Work required: The answer consists solely of the lines running from the one with "country-living-chaise-king-charles-spaniel-pyne-hollyhock-chintz" through the final line below, transcribed exactly and without any pictures.

Recorded information:
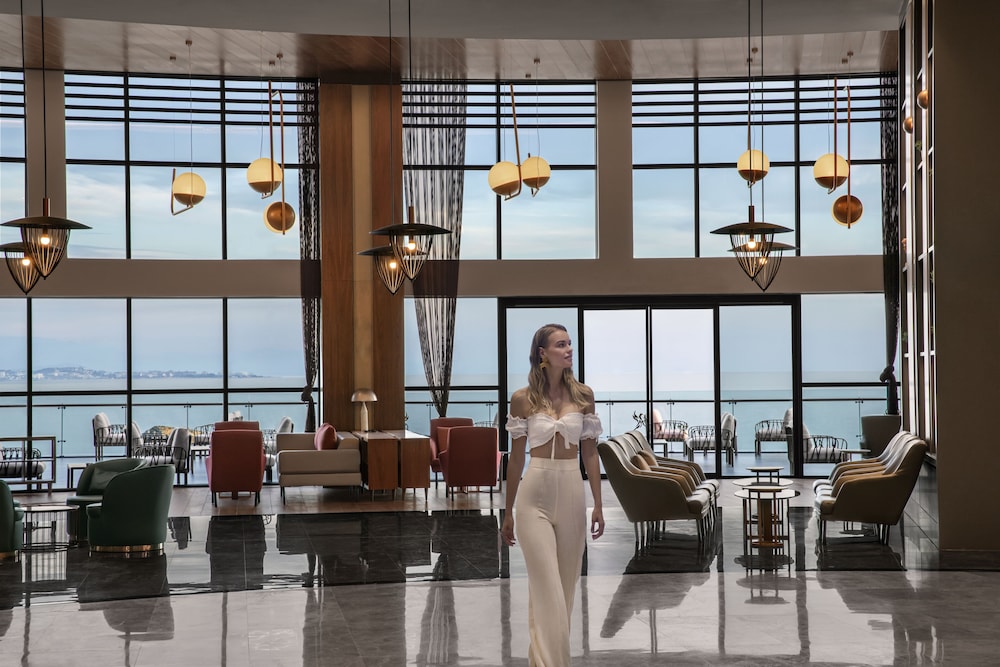 Mylome Luxury Hotel & Resort - Ultra All Inclusive — Hotel building in Okurcalar
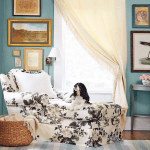 country-living-chaise-king-charles-spaniel-pyne-hollyhock-chintz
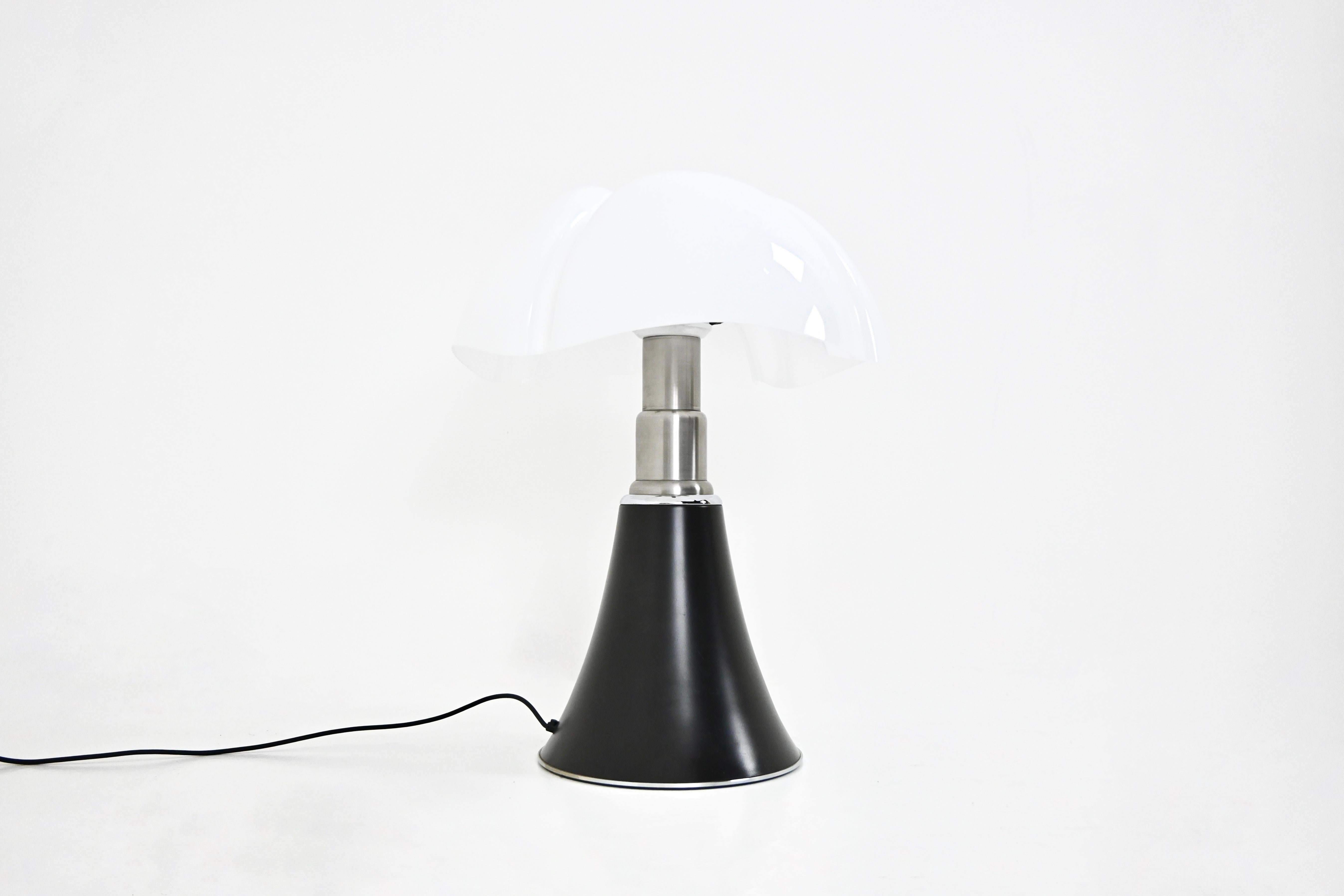 Lampe de bureau Pipistrello noire de Gae Aulenti pour Martinelli Luce, 1960 en vente 3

Solution to this problem:
 country-living-chaise-king-charles-spaniel-pyne-hollyhock-chintz
 Lampe de bureau Pipistrello noire de Gae Aulenti pour Martinelli Luce, 1960 en vente 3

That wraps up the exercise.